Masih dalam penelitian yang sama, Burger menyatakan faktor genetik juga mempengaruhi respon dopamin terhadap food addiction. Penelitian dilakukan dengan membandingkan 30 remaja yang memiliki resiko obesitas tinggi (kedua orang tuanya memiliki riwayat obesitas) dengan 30 remaja yang memiliki resiko obesitas rendah, namun kedua tipe remaja ini sama-sama memiliki berat badan normal. Hasil penelitian menunjukkan remaja dengan resiko obesitas tinggi memiliki respon dopamin yang lebih besar. Jadi, orang yang mengalami obesitas dapat memulai bukan tidak sensitif, tetapi sangat sensitif terhadap respon dopamin.

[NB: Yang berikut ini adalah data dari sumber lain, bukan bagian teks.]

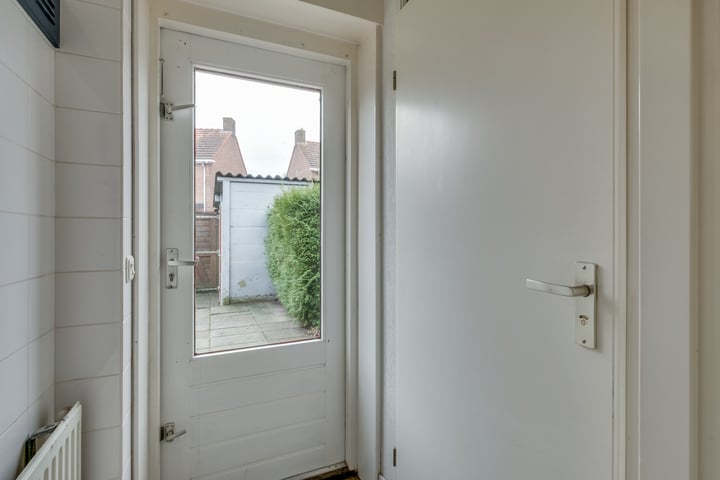 Bekijk foto 22 van Sloetstraat 44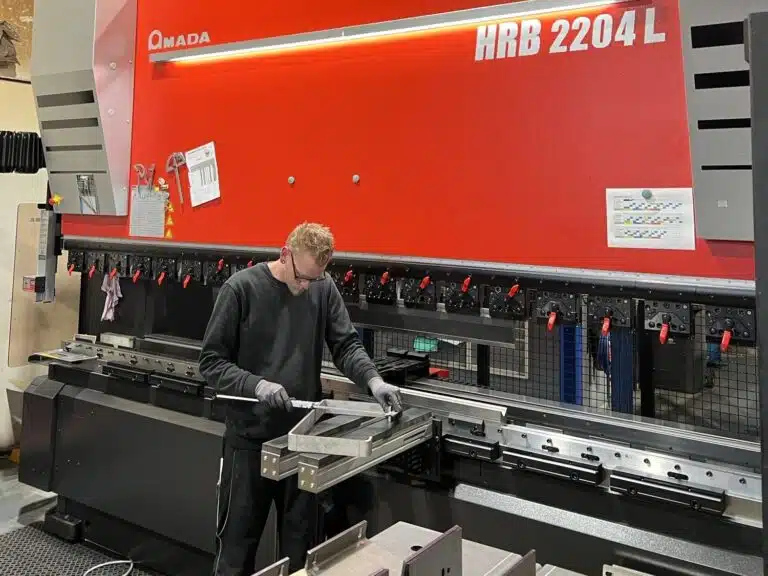 Blechbearbeitung CNC Abkantpresse HRB 2204L 011a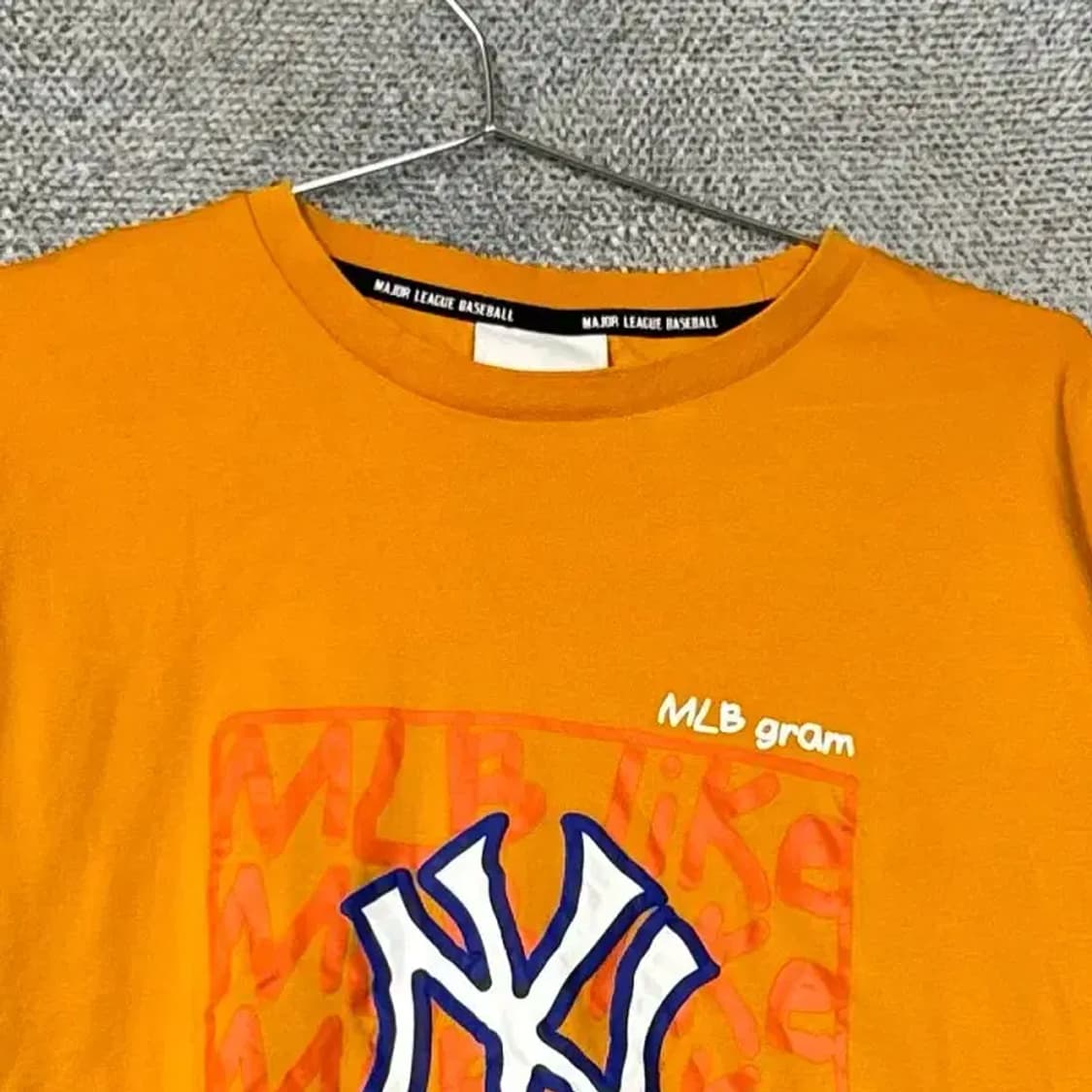 MLB 뉴욕양키즈 프린팅 오렌지 긴팔티 100 상품이미지3
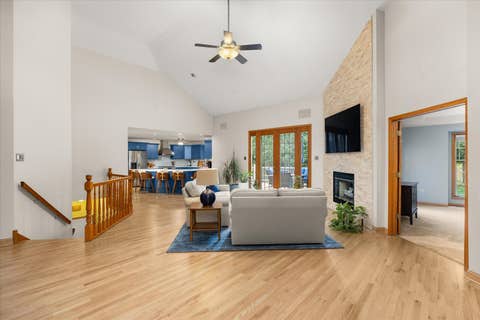 Tiny photo for 635 Magnolia Lane, Ottawa, IL 61350 (MLS # 12728693)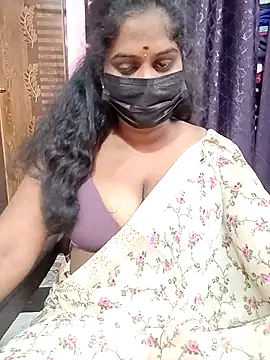 Snapshot of Keerthee_ chatting on 11-08-25, 05:29 Keerthee online show from 11-08-25, 05:29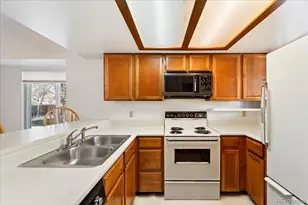 2051 S Balsam St, Lakewood, CO 80227 - Photo 5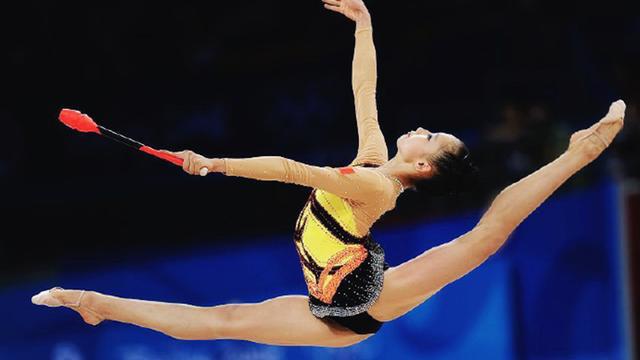 开云体育平台APP-疆土女子体操选手柔韧出众，展现魅力
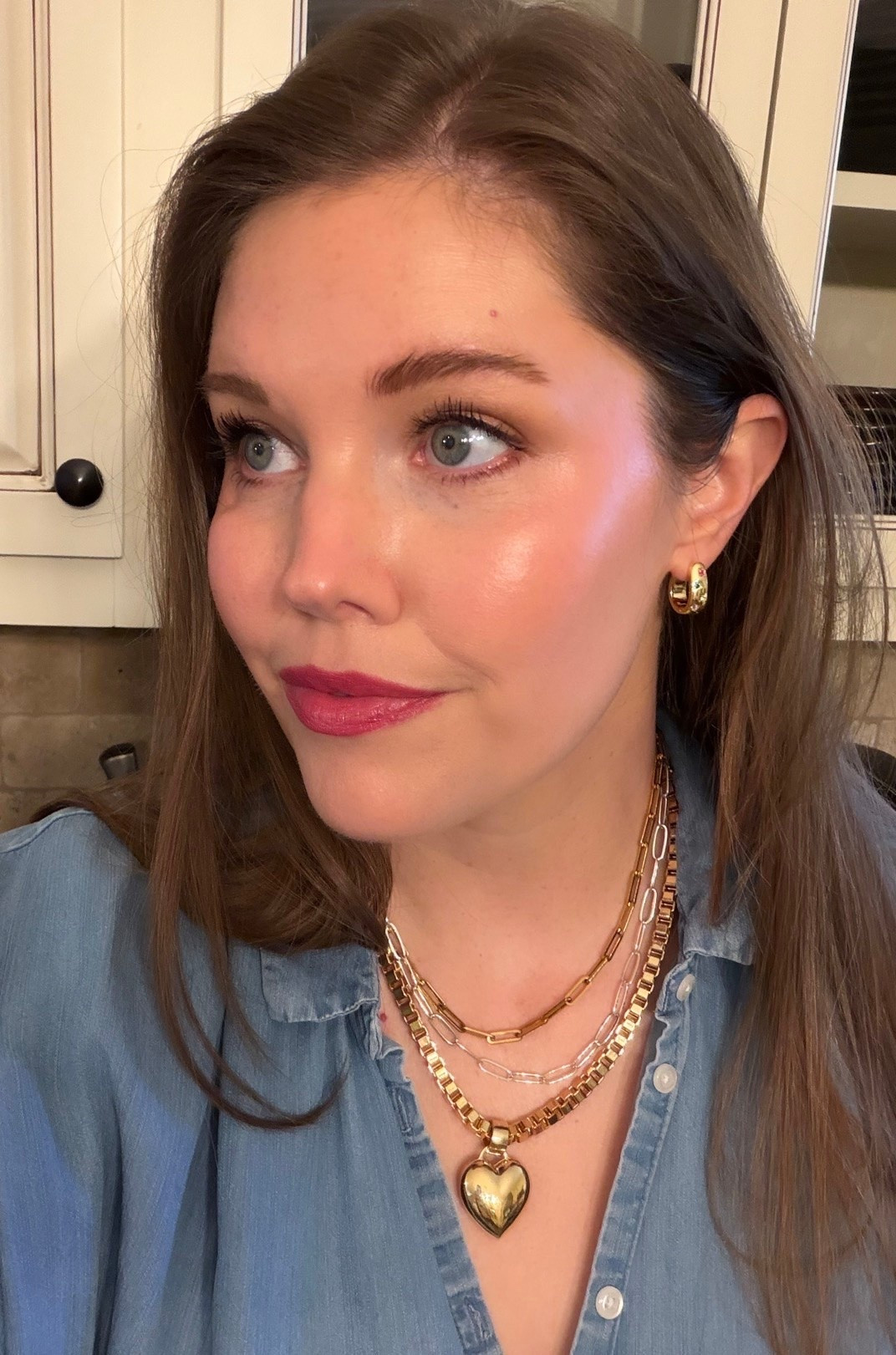 Glowy drugstore makeup look!🩷
.............
Amazon jewelry Amazon gold hoops gold Huggies gold earrings Anthropologie dupe chambray shirt button down shirt fall makeup look fall trends layered necklaces pink blush fair skin makeup pink lipstick red lipstick lip tint lipgloss lip balm drugstore mascara L'Oréal mascara brow gel eyeshadow stick eyeshadow cream eyeshadow highlighter setting spray makeup look makeup dupe best drugstore makeup beginner makeup easy makeup

#LTKgrwm #LTKmorningroutine #LTKBeauty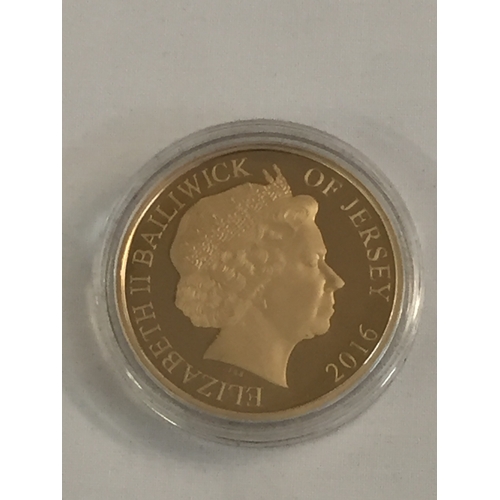 26 - 2016 JERSEY LEST WE FORGET POPPY 5 POUNDS GOLD COIN, OBVERSE BY IAN RANK-BROADLEY, 39.94g, PROOF, 21... 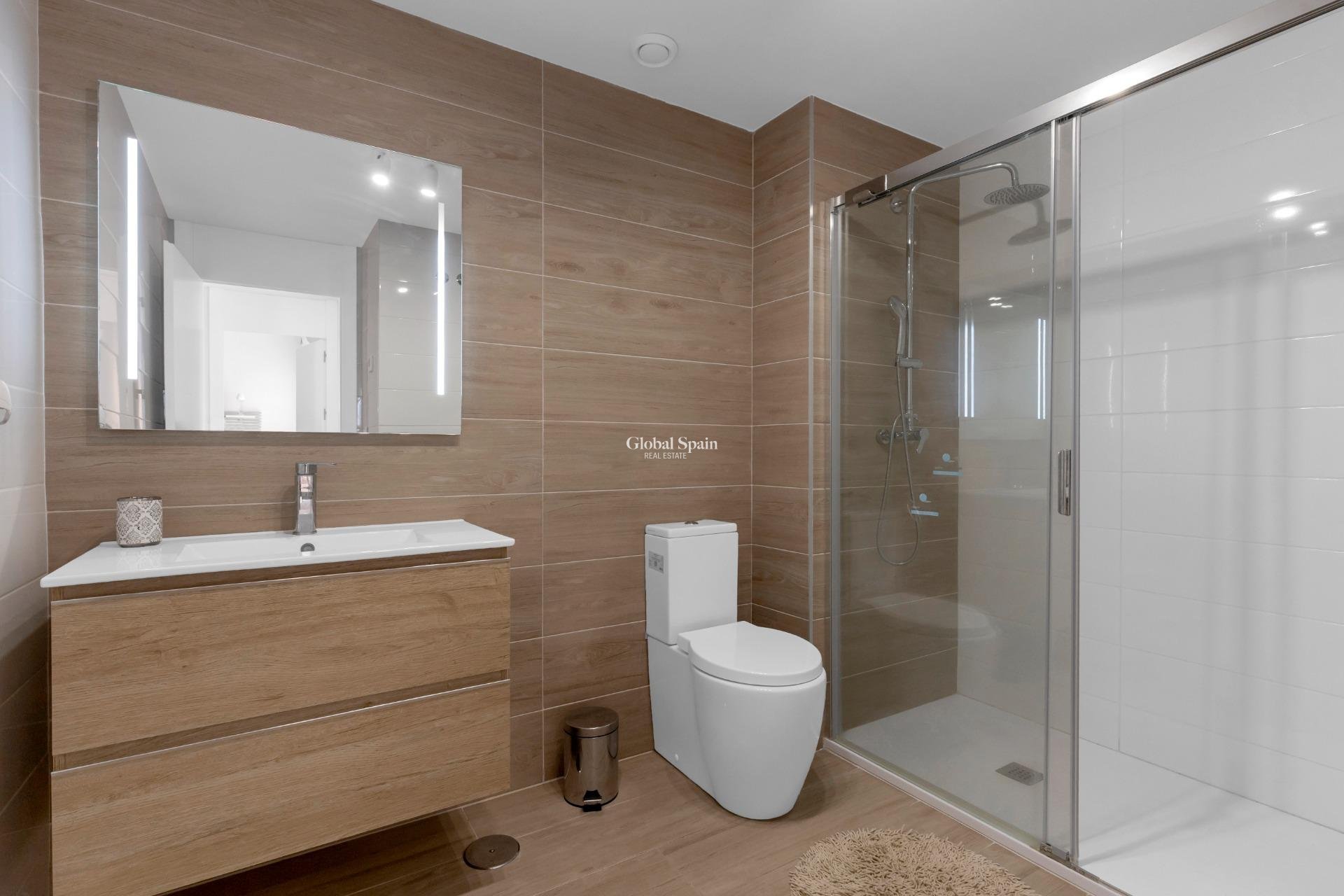 Revente - APPARTEMENT -
ORIHUELA COSTA - Las Filipinas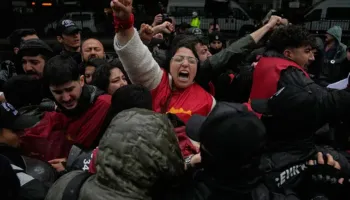 Protesta në ditën e punëtorëve, tubime e përplasje me policinë në Stamboll, Torino e Athinë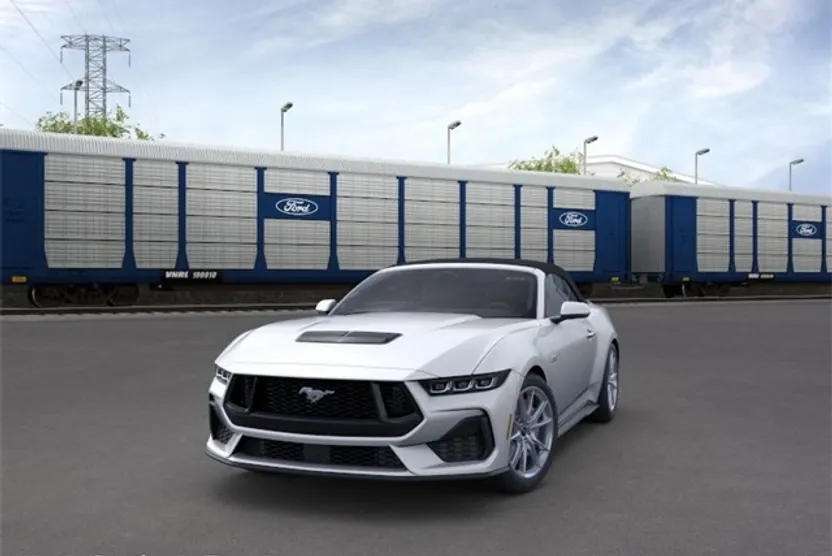 2025 Ford Mustang GT Premium photo 1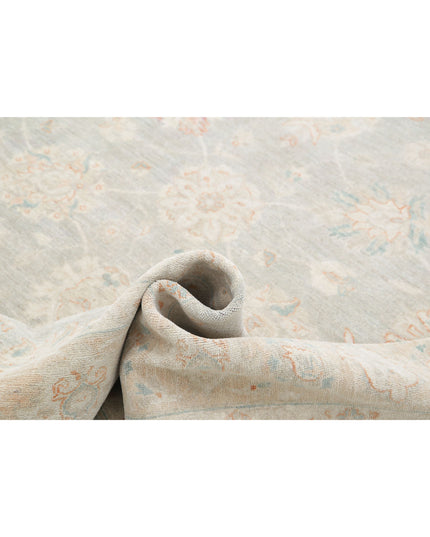 Serenity 6' 5" X 15' 10" Hand Knotted Wool Rug 6' 5" X 15' 10" (196 X 482) / Grey / Wool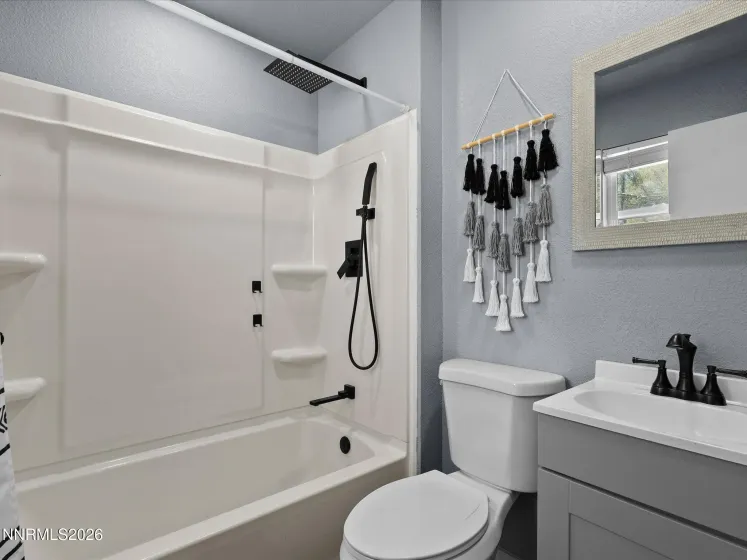 1350 Elmhurst, Lovelock, Nevada 89419, 3 Bedrooms Bedrooms, ,2 BathroomsBathrooms,Residential,Residential,Elmhurst,260004753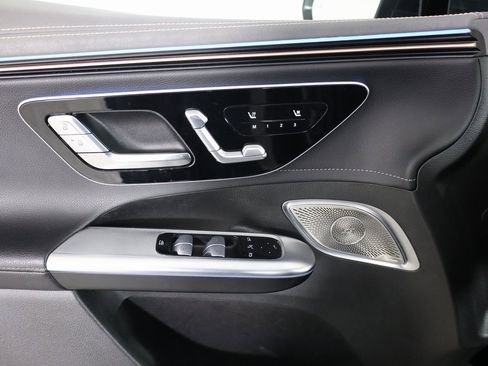 Used 2023 Mercedes-Benz EQE 500 4MATIC SUV w/ Pinnacle Trim Package image 10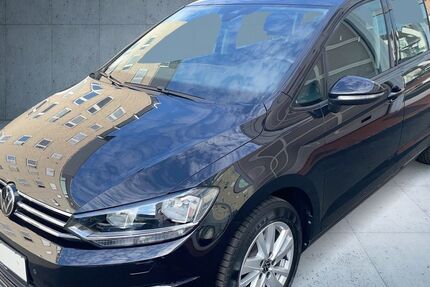 VW Touran 18.280 km 32.280 &euro; Frankfurt am Main 60528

Apakah setiap makanan dapat menyebabkan food addiction?

Makanan yang manis dan berlemak memiliki kalori tinggi yang dapat membuat kita ingin makan lagi dan lagi. Namun, penelitian sampai saat ini hanya makanan yang berkalori tinggilah yang ditelitti sebagai salah satu faktornya, sedangkan garam dan zat tambahan lain dalam bahan pangan belum dilakukan penelitian lebih lanjut. Tubuh manusia secara normal membutuhkan kalori untuk melakukan aktivitas, dan muncul keinginan untuk makan ketika merasa lapar. Akan tetapi, ketika asupan kalori berlebih maka kalori tersebut akan diubah menjadi lemak dan lemak sulit dimetabolisme dengan cepat sehingga tubuh merasakan lapar. Akibatnya, sistem membuat kita makan banyak ketika terjadi defisit kalori.

Mengatur pola makan dengan gizi dan kalori seimbang, menghindari junk food, menghindari stress, dan melakukan olahraga secara teratur dapat mencegah food addiction yang berakibat pada obesitas.